19th/03/2025
King Faisal Hospital officially launches psychiatric treatment using the drug Ketamine, which is administered to patients with severe depression, high-level trauma, and others who have failed to respond to conventional treatments.
Since its inception in May 2024, the clinic has provided care to 23 patients, offering them new hope through this evidence-based treatment. Ketamine therapy is unique because it works differently from traditional antidepressants. While most medications take weeks to show results, ketamine can relieve symptoms within hours or days. It does this by stimulating new connections between brain cells, essentially “rewiring” areas of the brain that have been affected by long-term stress, trauma, or depression. Ketamine also helps regulate glutamate, a key chemical that influences mood, emotions, and thought patterns, allowing patients to break free from the cycle of persistent distress.
Ketamine is commonly used to induce anesthesia and sedation, but medical experts have shown that it can be used in the treatment of mental illnesses, showing changes in the patient after a few hours, while it usually takes much longer.
Through a partnership between King Faisal Hospital and the Kadima Neuropsychiatry Institute in San Diego, California, United States, psychiatrists and nurses have trained Faisal Hospital staff in the use of this treatment and will continue to provide supervision and treatment.
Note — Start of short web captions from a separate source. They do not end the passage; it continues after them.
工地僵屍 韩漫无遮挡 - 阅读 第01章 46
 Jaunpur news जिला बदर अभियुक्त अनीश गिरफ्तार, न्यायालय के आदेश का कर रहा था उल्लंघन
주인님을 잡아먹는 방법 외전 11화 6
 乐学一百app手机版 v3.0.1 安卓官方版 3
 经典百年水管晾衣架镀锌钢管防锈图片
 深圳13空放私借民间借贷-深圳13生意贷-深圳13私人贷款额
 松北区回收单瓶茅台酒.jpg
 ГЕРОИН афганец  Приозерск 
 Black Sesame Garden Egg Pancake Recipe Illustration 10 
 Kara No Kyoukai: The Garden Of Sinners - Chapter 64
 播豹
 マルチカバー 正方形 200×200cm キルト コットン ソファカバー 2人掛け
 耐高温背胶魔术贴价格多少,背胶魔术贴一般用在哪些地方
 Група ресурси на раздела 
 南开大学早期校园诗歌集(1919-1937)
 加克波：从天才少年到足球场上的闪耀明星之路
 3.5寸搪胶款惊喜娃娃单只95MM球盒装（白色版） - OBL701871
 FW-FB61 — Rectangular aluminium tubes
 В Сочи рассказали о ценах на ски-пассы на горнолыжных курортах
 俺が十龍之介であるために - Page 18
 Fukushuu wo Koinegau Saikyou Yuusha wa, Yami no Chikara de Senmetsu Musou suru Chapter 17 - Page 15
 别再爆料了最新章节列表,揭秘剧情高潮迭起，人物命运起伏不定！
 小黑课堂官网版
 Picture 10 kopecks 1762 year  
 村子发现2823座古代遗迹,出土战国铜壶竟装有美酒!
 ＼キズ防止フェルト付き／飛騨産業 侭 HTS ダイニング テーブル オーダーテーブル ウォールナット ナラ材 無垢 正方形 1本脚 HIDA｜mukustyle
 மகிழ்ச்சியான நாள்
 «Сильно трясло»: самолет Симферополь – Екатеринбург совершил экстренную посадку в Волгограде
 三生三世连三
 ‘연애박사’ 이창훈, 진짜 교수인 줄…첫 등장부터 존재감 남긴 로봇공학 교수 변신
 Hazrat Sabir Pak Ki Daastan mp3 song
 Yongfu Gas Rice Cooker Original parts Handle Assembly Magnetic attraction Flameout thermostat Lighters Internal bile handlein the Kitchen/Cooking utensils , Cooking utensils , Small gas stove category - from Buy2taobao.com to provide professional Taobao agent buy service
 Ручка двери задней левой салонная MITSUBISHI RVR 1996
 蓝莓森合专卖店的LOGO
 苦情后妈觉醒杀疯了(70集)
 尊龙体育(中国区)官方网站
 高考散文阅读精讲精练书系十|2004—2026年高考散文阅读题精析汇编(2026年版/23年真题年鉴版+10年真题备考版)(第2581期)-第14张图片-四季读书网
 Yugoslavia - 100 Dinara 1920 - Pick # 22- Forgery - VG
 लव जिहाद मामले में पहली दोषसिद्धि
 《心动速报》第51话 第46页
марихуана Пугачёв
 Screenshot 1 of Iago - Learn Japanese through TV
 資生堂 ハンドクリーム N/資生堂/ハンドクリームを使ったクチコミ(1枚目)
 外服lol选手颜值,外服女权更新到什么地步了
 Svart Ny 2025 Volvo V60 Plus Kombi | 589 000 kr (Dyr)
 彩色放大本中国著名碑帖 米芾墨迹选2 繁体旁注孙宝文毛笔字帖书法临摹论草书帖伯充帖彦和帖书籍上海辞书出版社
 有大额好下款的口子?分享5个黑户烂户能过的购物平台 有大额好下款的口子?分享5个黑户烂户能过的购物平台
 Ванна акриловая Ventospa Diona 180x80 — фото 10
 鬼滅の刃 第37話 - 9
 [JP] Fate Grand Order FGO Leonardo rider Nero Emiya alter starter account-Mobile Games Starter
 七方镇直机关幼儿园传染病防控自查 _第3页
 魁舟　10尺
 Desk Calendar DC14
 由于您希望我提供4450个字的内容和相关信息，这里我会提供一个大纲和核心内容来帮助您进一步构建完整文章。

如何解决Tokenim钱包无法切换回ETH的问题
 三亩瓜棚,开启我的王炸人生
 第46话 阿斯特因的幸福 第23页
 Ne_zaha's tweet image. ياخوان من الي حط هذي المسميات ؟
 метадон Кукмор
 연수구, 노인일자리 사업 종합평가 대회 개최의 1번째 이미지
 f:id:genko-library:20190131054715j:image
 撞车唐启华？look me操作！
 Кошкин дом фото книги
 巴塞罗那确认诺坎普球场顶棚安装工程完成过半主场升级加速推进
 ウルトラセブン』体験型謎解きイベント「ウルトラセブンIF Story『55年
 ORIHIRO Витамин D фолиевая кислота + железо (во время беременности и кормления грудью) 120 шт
The state minister in the Ministry of Health, Dr. Yvan Butera, said that this treatment will complement the existing one but has the speciality of treating those who have not had other medicines that could help them recover.
He said, “Due to the history we have gone through, there are a number of Rwandans who still suffer from extreme sadness and depression, or even normal life, but the medicines that were already available did not help them. This is a new treatment in Rwanda and in the world in general. We took it at the beginning to help Rwandans who need this treatment to get it and we hope that it will yield tangible results.”
Dr. Yvan Butera urged those facing mental health issues to come forward and talk about their problems and to access these services to treat these illnesses because hiding them makes them worse and can even lead to illness or death.
The Chief Medical Officer at King Faisal Hospital, Dr. Sendegeya Augustin, said that some patients were given conventional medications to treat mental illnesses but they did not feel better, and then they were thinking about finding new ways to help them.
He said, “It is a treatment for mental illnesses, you know that people have very different problems such as severe depression, and you find that someone has thoughts of suicide, we give them medications but they do not heal.”
He continued, “We came to know that there is a drug that is used to induce paralysis and put patients to sleep, but when used in small doses it can help those patients with serious problems that have not been cured by conventional medications, we came to find that the Ketamine drug helps, so that is when we decided to start using it.”
So far, since this program began in May 2024, it has helped 23 patients, and the evaluation conducted by these hospitals has shown that they are gradually showing hope for a good recovery.
Statistics from the RBC, for 2022/2023, showed that throughout the country at that time, about 3305 people were diagnosed with mental health problems every month.